Dance with Me by Alexis Daria. Swerve. 2017.
I loved the first book in this series, Take the Lead. I gave it five stars. It’s one of my favorite romances that I read in 2017. Dance With Me is the sequel, but it can stand alone. Though there are some elements that will be more satisfying if you have read book one (especially the plotline involving Donna).
Unfortunately, despite my excitement to read it, I didn’t enjoy this book nearly as much. It still brings some of the things I loved in Take the Lead: a Puerto Rican heroine portrayed with a great deal of cultural specificity, conflicts that felt real and gripping, some lovely dance-centered moments (I especially appreciated the choreography moments), blazing chemistry between the MCs, a heroine I adored. It also includes elements that I often enjoy: forced proximity, friends with benefits to lovers, a romance arc where the hero needs to prove he is worthy of the heroine’s trust.
I could see the glimmer of how great this romance could have been, because of those things, and I am sad it had other issues that prevented it from working for me.
My core problem with the story is that I don’t think that the hero is worthy of the heroine’s trust. He is careless with her, often says cruel things (which is attributed to nervous blurting). Most importantly: he is in a power position both as a judge on the show she works at and as the person who is giving her a place to stay when she has nowhere else to go, and he doesn’t respect her boundaries or her no, continually pushes her to have sex, and is very controlling for a large portion of the book, which is especially bad around her temporary disability. The carelessness and the cruel blurting could potentially be recuperated. The other stuff made me conclude that he was terrible for her and this was a destructive relationship for her. Nothing he did won me over and I honestly am not sure it could.
I can pinpoint the exact moment when I decided he was terrible for her. The sexual coercion at 28%. (Spoiler in white, highlight to read) She had set a boundary, saying they could not have sex while she was staying with him because she had nowhere else to go. He agreed, but then he keeps pushing their sexual chemistry. She says to him that she can’t ever say no to him. Then he initiates sexual contact. She goes along, but pulls away a couple times, saying they shouldn’t. He is insistent. She acquiesces, nodding her head. He asks “Because you can’t say no to me?” and she nods. Then he takes her to the bedroom and they have sex.

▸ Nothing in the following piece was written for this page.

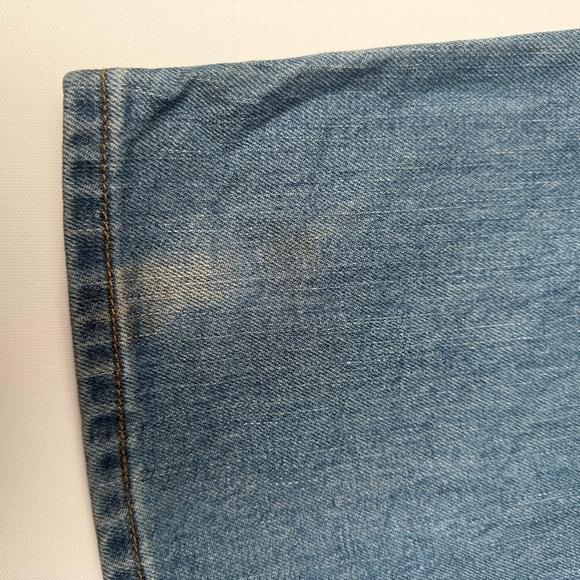 Levi's Men's 505 Regular Fit Straight Leg medium wash Blue Size (42x30) - Picture 5 of 7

The text, and the characters present this as consensual sex. It did not feel consensual to me as a reader, at all. It felt coerced.
He is in a power position both because he is a judge (which the book never acknowledges) and because she has no housing without him. He agreed to respect her boundary and then continually disrespects it. He knows that she cannot say no, and he continues. He never even asks if she is sure, never confirms consent. The only thing he asks is why she can’t say no (she says she doesn’t know). Even if he thinks she is consenting, she set a boundary, she said they shouldn’t, she said she couldn’t tell him no…how could he think this is okay?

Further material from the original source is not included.